Repentance leads us to forsake sin and put ourselves into the loving arms of a merciful God. Let me put it an even simpler way: repentance is the recognition that I am infinitely loved by God, that I have sometimes failed to live up to that love, and that I need his mercy.
Repentance, in the end, is giving God a free hand to work in my life as he wants. This is supremely freeing. It means that I don’t have to save myself. It means that I can allow Jesus to enter into my life and take control, trusting that he deeply cares for us."
Greetings and blessings to all of you. As we celebrate the Second Sunday of Advent, John the Baptist comes on the scene. He appears proclaiming a baptism of repentance for the forgiveness of sins.
John the Baptist is inviting the people of his day to prepare the way of the Lord through repentance. “People of the whole Judean countryside and all the inhabitants of Jerusalem were going out to him,” St. Mark says. Based upon this, his message was accepted by many.
A willingness to turn one’s life around
The biblical notion of repentance is not just confessing sin, but it involves a willingness to turn one’s life around… a conversion of mind and heart… a turning away from the things which lead me away from the receptivity of grace and turning completely toward God. To undo the negative and do the positive… to get our act together… to shape up.
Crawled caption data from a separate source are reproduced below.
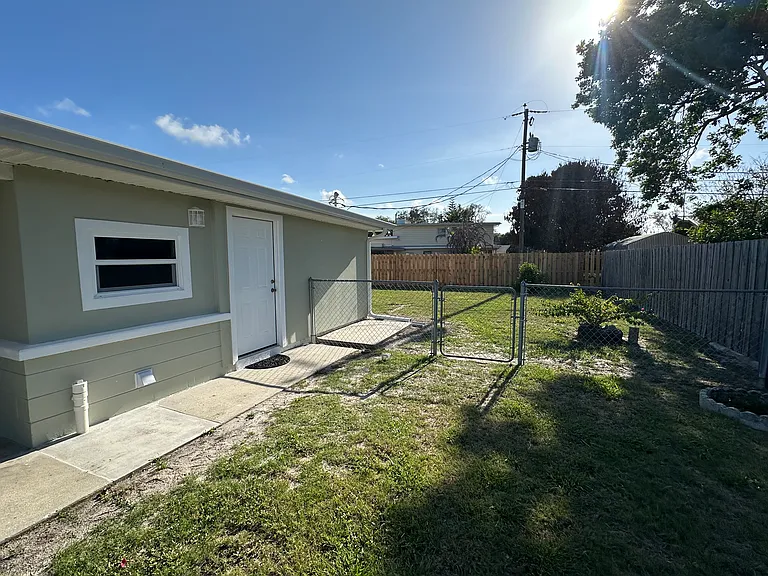 102 Herring St — Photo 17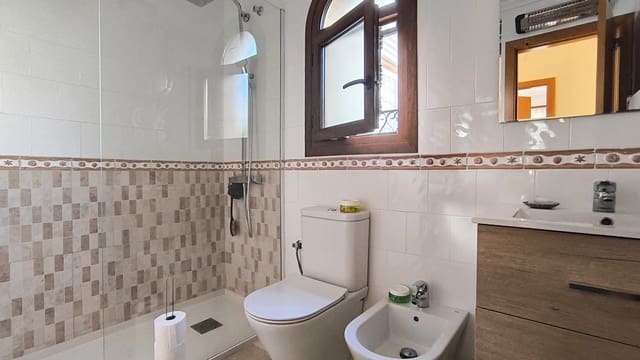 3 bedroom Villa for sale in Algorfa with pool garage - € 365,000 (Ref: 9584654)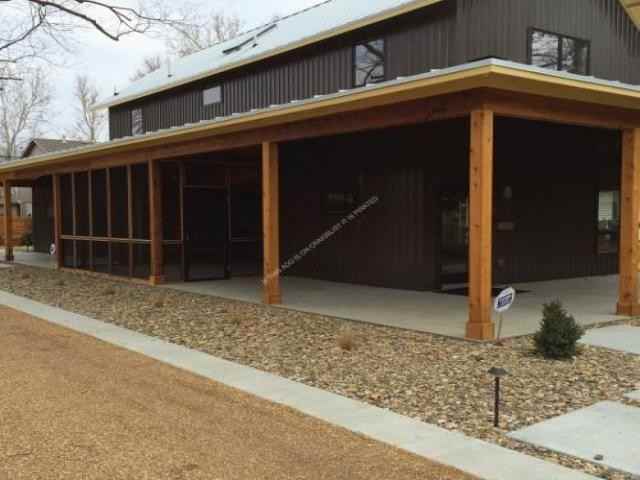 607 Elm St - Photo 2 of 6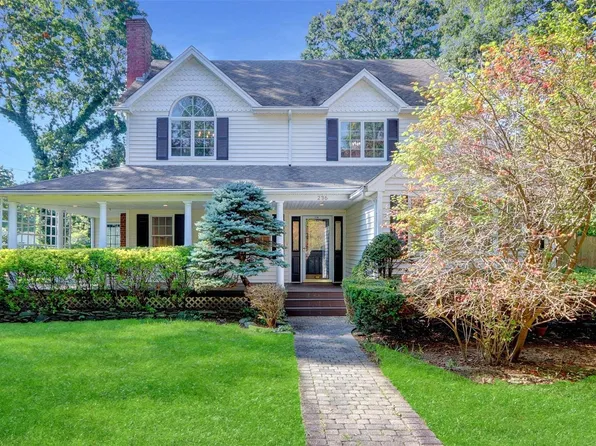 236 Washington Avenue, Saint James, NY 11780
Why would we want to repent and reform our lives? Not because we “dread the loss of heaven and the pains of hell,” but because in Jesus, God’s living presence of unconditional love, mercy, compassion and healing, is knocking on the doors of our hearts. This is the promise.
Put ourselves into the loving arms of a merciful God
Repentance leads us to forsake sin and put ourselves into the loving arms of a merciful God. Let me put it an even simpler way: repentance is the recognition that I am infinitely loved by God, that I have sometimes failed to live up to that love, and that I need his mercy.
Repentance, in the end, is giving God a free hand to work in my life as he wants. This is supremely freeing. It means that I don’t have to save myself. It means that I can allow Jesus to enter into my life and take control, trusting that he deeply cares for us.
New life and freedom
In this Season of Advent, Our Savior whom we await is able to transform our life with his grace, with the power of the Holy Spirit, with the power of love. In fact, the Holy Spirit fills our hearts with God’s love, the inexhaustible source of purification, of new life and freedom. This type of repentance brings to us not the baptism which John the Baptist proclaimed, but the Baptism which Jesus promised.
Starting anew
Jesus is the beginning of new possibilities and God is doing something new for us in him. In Advent, the joy and hope become present when we participate in the work of repentance. God comes with power to save us from our weaknesses and enables us to start anew.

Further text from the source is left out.